Minha amiga responde imediatamente enfatizando que o pôquer é um jogo de inteligência e exige sensibilidade. Para ganhar é preciso decifrar, decodificar, ter postura, movimento das mãos, dos pés, olhares, a linguagem do corpo.
Para mim a ideia de decodificar ou decifrar é mágica. A frase de Castello, “O cronista com o seu olhar afeta a percepção dos acontecimentos”, e a atitude do jogador de pôquer se unem na minha mente. Jogadores de pôquer devem criar boas estratégias. E os cronistas? Também criam estratégias para tornar o texto leve e sedutor, enquanto denunciam os erros da sociedade, a frivolidade dos costumes, os preconceitos econômico-sociais, raciais, sexuais e outros.

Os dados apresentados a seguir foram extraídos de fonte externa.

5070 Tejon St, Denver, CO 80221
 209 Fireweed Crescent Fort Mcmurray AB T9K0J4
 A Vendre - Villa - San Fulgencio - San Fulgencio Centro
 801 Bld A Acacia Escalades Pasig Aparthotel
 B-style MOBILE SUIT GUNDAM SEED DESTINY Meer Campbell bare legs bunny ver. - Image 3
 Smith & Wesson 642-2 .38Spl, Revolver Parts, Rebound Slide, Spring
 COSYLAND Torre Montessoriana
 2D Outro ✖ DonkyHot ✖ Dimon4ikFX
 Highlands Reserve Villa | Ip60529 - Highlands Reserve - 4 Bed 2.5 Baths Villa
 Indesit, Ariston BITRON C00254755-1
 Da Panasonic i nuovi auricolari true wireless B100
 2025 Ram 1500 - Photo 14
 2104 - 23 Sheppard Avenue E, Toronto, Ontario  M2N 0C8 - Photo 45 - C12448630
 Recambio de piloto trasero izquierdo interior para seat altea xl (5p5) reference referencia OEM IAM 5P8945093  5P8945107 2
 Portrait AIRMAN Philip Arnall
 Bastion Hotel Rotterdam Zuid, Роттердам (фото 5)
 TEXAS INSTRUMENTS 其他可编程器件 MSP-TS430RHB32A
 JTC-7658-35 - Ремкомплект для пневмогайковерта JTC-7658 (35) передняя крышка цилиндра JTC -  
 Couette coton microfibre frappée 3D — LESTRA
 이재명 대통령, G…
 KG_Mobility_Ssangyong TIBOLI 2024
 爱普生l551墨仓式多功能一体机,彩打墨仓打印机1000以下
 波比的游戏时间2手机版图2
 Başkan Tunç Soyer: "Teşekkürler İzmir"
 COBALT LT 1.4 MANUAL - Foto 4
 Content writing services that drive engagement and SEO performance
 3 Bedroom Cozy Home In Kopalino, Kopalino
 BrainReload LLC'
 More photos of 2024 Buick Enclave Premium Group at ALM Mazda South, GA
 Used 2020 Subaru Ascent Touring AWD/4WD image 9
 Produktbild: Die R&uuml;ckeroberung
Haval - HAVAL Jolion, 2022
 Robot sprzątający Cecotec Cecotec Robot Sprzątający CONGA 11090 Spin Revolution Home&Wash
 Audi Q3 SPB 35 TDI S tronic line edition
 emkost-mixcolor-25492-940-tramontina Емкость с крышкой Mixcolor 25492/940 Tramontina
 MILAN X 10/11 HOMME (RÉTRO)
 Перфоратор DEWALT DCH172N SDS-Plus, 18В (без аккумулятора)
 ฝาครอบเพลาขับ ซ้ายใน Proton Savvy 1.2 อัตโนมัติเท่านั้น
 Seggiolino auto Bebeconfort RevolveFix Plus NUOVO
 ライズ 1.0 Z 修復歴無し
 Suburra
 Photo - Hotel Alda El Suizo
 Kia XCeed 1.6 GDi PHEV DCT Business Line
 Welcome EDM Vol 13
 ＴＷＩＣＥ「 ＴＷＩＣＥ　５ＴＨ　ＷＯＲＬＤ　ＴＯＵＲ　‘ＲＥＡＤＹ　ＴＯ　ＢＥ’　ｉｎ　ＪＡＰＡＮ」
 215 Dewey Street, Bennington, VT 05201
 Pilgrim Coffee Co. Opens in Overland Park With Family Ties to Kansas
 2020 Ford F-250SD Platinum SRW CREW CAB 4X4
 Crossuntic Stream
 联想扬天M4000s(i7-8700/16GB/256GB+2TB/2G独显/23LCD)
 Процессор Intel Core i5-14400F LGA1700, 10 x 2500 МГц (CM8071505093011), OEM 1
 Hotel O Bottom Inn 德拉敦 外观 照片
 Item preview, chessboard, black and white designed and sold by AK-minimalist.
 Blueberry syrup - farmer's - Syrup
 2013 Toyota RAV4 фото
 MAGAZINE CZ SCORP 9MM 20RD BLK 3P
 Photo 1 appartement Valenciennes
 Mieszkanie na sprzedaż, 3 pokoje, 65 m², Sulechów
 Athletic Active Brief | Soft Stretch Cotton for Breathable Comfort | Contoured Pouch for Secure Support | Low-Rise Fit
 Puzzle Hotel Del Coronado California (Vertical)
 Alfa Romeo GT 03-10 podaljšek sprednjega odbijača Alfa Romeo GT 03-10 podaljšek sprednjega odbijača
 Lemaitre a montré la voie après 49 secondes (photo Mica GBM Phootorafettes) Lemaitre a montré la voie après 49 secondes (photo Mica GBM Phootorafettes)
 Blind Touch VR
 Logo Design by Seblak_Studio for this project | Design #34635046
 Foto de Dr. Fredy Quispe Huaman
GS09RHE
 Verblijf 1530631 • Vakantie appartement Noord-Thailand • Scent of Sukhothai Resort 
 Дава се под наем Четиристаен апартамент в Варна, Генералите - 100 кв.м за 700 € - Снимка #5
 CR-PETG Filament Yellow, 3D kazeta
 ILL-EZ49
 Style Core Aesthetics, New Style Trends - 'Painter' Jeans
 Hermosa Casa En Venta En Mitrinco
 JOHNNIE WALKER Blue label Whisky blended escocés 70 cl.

Além de saber embaralhar e blefar, é preciso descobrir padrões de comportamento. “Ler” os outros jogadores. Os movimentos dos outros apostadores devem ser monitorados. O olhar do jogador precisa adquirir a acuidade de uma câmera de televisão. Precisa de um bom enquadramento. De foco e nitidez. Nada pode escapar ao olhar do jogador.
O professor de minha amiga disse que durante o jogo a atenção deve ser total. O cérebro precisa criar novas sinapses para perceber pequenos gestos, tiques nervosos, mudanças no olhar, na voz, na respiração. Os movimentos quase imperceptíveis do pescoço, dos lábios, das pernas, dos pés. O jogador deve treinar sua atenção. Mapear cada movimento do opositor.
Os grandes jogadores não contam só com a sorte para ganhar. A chamada “sorte de principiante” tem um curto prazo de validade. O jogador experiente percebe detalhes. Por que essa pessoa morde os lábios? Aquele levanta as sobrancelhas ao ver as cartas, enquanto o outro suspira? Um abaixa a cabeça, aquele sorri, o outro agita os joelhos. Alguém se mexe na cadeira, o outro olha a parede. Um piscar de olho, engolir saliva, mexer o anel, nada passa despercebido para o bom jogador.
O jogador de pôquer e o cronista têm algo em comum, ambos sabem realizar uma leitura detalhada das pessoas. Aprenderam a ler o mundo. O jogador porque quer ganhar, o cronista porque deseja passar suas impressões, seu olhar para os leitores - esse olhar capaz de afetar “a percepção dos acontecimentos”. Depois de ler uma crônica sobre um fato banal, o fato pode adquirir outra dimensão na mente do leitor.
Decifrar as pessoas, decodificá-las para escrever crônicas que realmente impactem, sensibilizem e ajudem a ressignificar os acontecimentos, a modificar a visão do mundo. Afinal, essa é a função do cronista, ou não é?